RB: And of course, as you pointed out the scope of that patent might also not very clear.
VH: So the challenge with software patents is that you know even if I get legal opinion it is only a advice or suggestion or it's not a conclusive
RB: There is no surety about your business.
RB: Now, the law as it currently stands in section 3k of the patent act permits software patents only when combined with a hardware component and assuming this device or innovation taken a whole needs a standard test of patentability that is novel industrial application so on and so forth. So how does this new set of guidelines issued by the patent office actually changed this interpretation of the law. You previously have bee quoted as saying that this change that has been made in the guideline is essentially and expansion of software patents through the back door. Why do you say this?
VH: So we were involved with the amendments and we were involved with talking to people in parliament and clearly when the amendment was passed,
RB: You are referring to 2005..
VH: 2005 Yeah. The patent amendments 2005. So clear intent there was that the technical effects of the software should be outside the purview of patentability. So if you look at the section 3 of the patent act, it basically deals with the subjects that are outside the purview of patentability and section 3K deals with the software and it says you know Mathematical methods, software algorithms per se are not patentable. So this per se has become a bone of contention and you know a root for creative interpretation of the law. So if you look at the intent of the parliament it was very clear technical effects of software, software in itself should not be patentable subject matter. But if you look at computer related inventions, guidelines that brings in technical effects of software being patentable. So what will happen is that the patent examiners in Indian patent office will use the guidelines and then approve software patents and then that will lead to a flood of software patents in India and this could also lead to a lot of uncertainty because it is clear that at some point of time if software patents are granted, it will be taken to courts and courts will have to then.... obviously what the courts will do is what was the will of the parliament and what was the intent of the parliament and do the guidelines accurately represent the intent of the parliament.
RB: Yeah absolutely. So what scope is there for the guidelines to be changed because I understand patent office did have a consultative process whether the comments received by the public was actually considered not as a separate matter. But given that these guidelines do not constitute statute, they are not rules, hese are just an executive decision made by the patent office. So how do you see things changing or what plans do you and the free software community in India have to put pressure on the Indian patent office.
VH: So there are two interpretations. One is that this is something that has emerged because of lack of understanding of what is the software patent and the understanding of the rules itself. That could be the case because you know in India, we do not really have long history of examining patents around software. So it could be a misinterpretation which is the best case scenario. The worst case scenario is that this has been motivated by the MNCs and the political lobbies which have been pushing for software patenting in India and of course, you know there are lot of lawyers... so whenever there have been these consultations we have found that a lots of lawyers coming and say this will help in innovation.

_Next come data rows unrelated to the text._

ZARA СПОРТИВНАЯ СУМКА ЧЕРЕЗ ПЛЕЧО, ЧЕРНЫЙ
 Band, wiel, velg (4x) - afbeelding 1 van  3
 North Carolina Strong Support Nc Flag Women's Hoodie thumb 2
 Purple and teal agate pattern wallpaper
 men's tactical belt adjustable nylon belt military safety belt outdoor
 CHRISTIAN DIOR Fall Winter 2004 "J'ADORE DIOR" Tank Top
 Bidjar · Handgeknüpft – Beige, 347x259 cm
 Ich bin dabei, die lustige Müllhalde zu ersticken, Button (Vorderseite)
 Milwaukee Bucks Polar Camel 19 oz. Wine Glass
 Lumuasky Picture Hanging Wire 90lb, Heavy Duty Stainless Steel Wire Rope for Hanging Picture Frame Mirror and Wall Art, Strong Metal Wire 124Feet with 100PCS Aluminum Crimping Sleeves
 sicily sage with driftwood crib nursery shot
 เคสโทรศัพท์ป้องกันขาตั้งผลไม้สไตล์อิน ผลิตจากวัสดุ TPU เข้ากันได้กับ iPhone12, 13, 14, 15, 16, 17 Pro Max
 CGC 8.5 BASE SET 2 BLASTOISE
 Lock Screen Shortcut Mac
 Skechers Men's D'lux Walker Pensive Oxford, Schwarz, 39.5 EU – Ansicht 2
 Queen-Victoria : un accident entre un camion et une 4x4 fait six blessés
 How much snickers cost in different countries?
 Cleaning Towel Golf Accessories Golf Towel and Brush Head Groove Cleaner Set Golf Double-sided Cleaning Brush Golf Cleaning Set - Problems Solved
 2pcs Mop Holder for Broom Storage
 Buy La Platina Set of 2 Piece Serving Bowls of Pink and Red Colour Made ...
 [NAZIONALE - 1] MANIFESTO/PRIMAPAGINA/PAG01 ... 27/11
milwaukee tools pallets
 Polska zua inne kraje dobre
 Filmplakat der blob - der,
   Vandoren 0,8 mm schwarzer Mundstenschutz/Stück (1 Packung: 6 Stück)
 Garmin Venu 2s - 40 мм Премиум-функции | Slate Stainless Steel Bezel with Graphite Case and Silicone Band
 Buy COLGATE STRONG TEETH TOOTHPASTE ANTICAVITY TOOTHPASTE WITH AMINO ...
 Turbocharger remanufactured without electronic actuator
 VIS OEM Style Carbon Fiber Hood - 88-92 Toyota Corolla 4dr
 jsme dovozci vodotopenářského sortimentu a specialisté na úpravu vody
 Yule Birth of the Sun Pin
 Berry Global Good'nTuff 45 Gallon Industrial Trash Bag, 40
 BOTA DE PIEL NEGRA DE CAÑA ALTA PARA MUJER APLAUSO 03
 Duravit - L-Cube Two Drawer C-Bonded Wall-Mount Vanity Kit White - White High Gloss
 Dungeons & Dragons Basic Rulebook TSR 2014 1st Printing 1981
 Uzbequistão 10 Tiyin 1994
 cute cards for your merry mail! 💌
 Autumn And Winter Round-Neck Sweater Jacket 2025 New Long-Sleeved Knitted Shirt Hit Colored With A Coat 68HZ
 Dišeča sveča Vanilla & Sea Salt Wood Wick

Obviously the thing is that for them it is wonderful because something that is so ambiguous as a software patents is a fertile ground for a litigation. It is said almost 37 percent of all litigation around patents in the US is because of software patent and business method patents. If I was a lawyer, I would be salivating it because the possibility of patent litigation because there is just no way that you can figure out what this particular patent means. I mean anybody who has seen a software patent and read it and understand it, I think that guy is a genius or an idiot. So basically, I have seen that most of the round table discussions in the consultations have been dominated by the lawyers and frankly every time a lawyer uses the word innovation, I mentally cut and paste and replace it with the word litigation.
RB: Well, I think it is a good note to end todays interview. Thank you Venky for joining us. This is an issue we will continue to follow as we see what is happening with Indian Patent Office. Thank you for joining us on Newsclick. Do join us again.